The trick is to use an anonymous block instead of a DML statement, and the rest of the examples are still relevant. So, instead of this:
l_sql_stmt := 'update EMPLOYEES e
SET e.salary = e.salary + 10
WHERE manager_id between :start_id and :end_id';
We might have this:
l_sql_stmt := 'BEGIN my_package.some_procedure(:start_id, :end_id); END;';
The rest of the example can be found in the "Chunk by User-Provided SQL" example section
You will still need to tell Oracle the start/end ids for each process(using CREATE_CHUNKS_BY_SQL), I typically store them in a separate lookup table (if pre-defined) or you can provide a SQL query that returns a set of start/end values. For the latter approach, try using NTILE. For example, using 8 chunks:
select min(id) as start_id, max(id) as end_id
from (
select id, ntile(8) over (order by 1) bucket
from some_table
where some_clause...
)
group by bucket
order by bucket;
Hope that helps
Upvotes: 3
Reputation: 7859
I solved the problem using DBMS_SCHEDULER and PIPEs for synchronization/IPC that does not rely on polling and does not need additional tables. It still wakes once per finished job, though.
It's quite some effort, so if some can propose a simpler solution please share it!
--
-- Define stored procedures to be executed by job
--
/** Actual method that should be run in parallel*/
CREATE OR REPLACE PROCEDURE PROC_DELETE_TEST_BONUS(
in_job IN VARCHAR2)
IS
BEGIN
-- Imagine a lot of IF, ELSEIF, ELSE statements here
DELETE FROM TEST_BONUS WHERE JOB=in_job;
END;
/
/** Stored procedure to be run from the job: Uses pipes for job synchronization, executes PROC_DELETE_TEST_BONUS. */
CREATE OR REPLACE PROCEDURE PROC_DELETE_TEST_BONUS_CONCUR(in_pipe_name IN VARCHAR2,
in_job IN VARCHAR2)
IS
flag INTEGER;
BEGIN
-- Execute actual procedure
PROC_DELETE_TEST_BONUS(in_job);
-- Signal completion
-- Use the procedure to put a message in the local buffer.
DBMS_PIPE.PACK_MESSAGE(SYSDATE ||': Success ' ||in_job);
-- Send message, success is a zero return value.
flag := DBMS_PIPE.SEND_MESSAGE(in_pipe_name);
EXCEPTION
WHEN OTHERS THEN
-- Signal completion
-- Use the procedure to put a message in the local buffer.

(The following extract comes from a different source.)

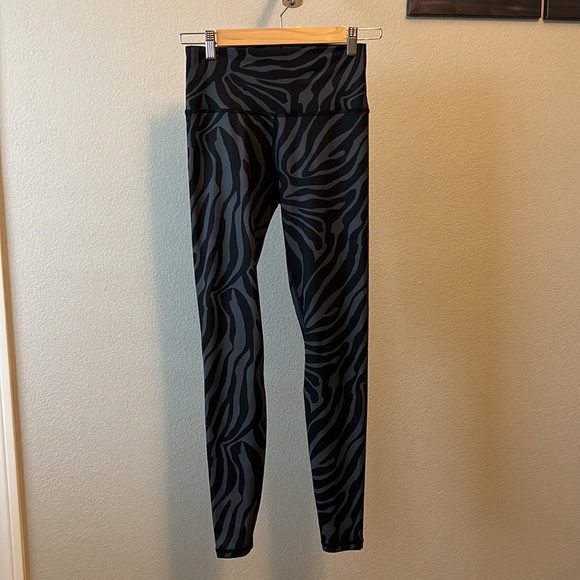VALANDY Womens Black/Grey Zebra Print High Waist Yoga Leggings Size Small - Picture 3 of 10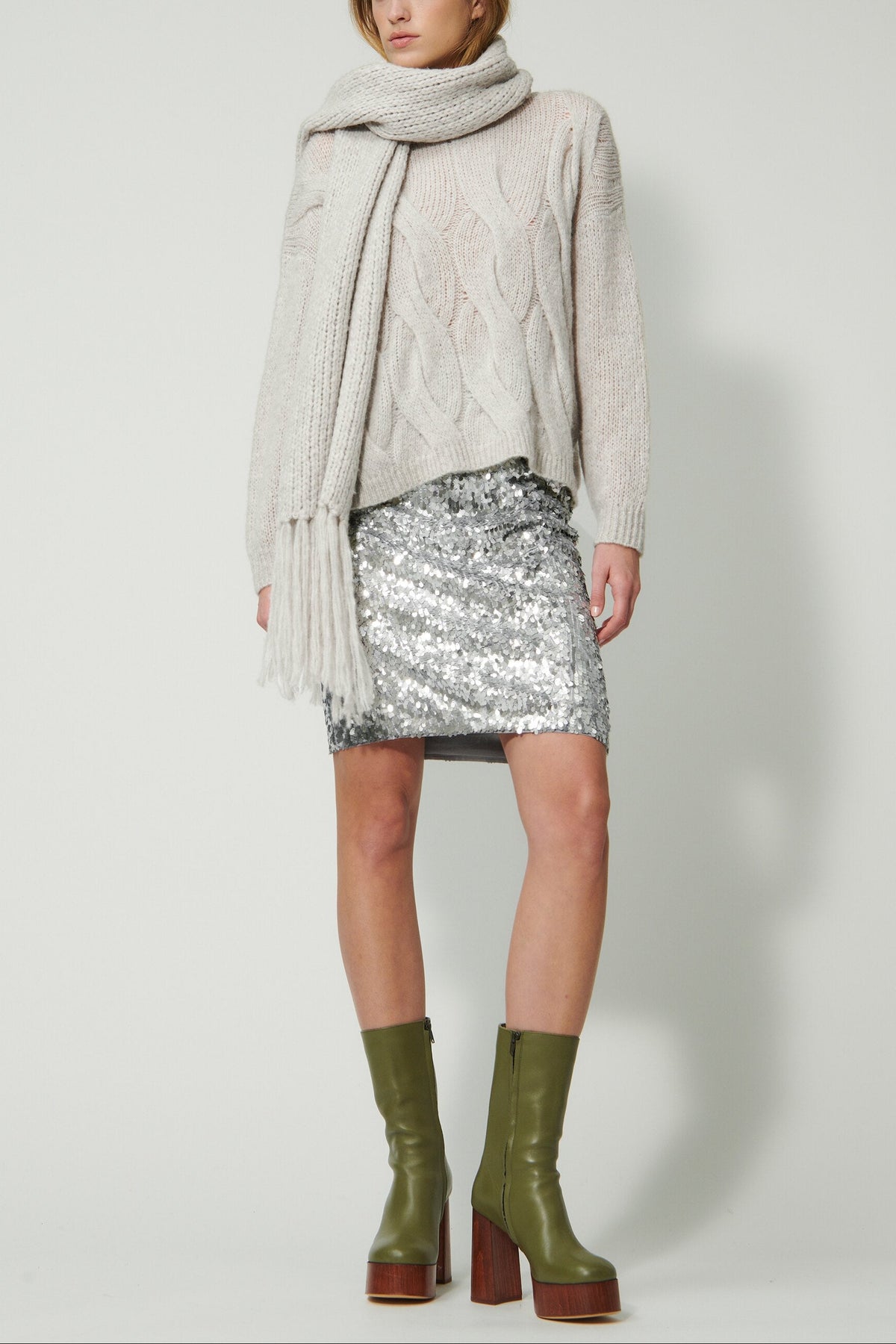 Pailletten-Minirock - the macro silver sequins - Standard | Model Front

DBMS_PIPE.PACK_MESSAGE(SYSDATE ||':Failed ' || in_job);
-- Send message, success is a zero return value.
flag := DBMS_PIPE.SEND_MESSAGE(in_pipe_name);
RAISE;
END;
/
--
-- Run Jobs
--
DECLARE
timestart NUMBER;
duration_insert NUMBER;
jobs_amount NUMBER := 0;
retval INTEGER;
message VARCHAR2(4000);
rows_amount NUMBER;
/** Create and define a program that calls PROG_DELETE_TEST_BONUS_CONCUR to be run as job. */
PROCEDURE create_prog_delete_test_bonus
IS
BEGIN
-- define new in each run in order to ease development. TODO Once it works, no need to redefine for each run!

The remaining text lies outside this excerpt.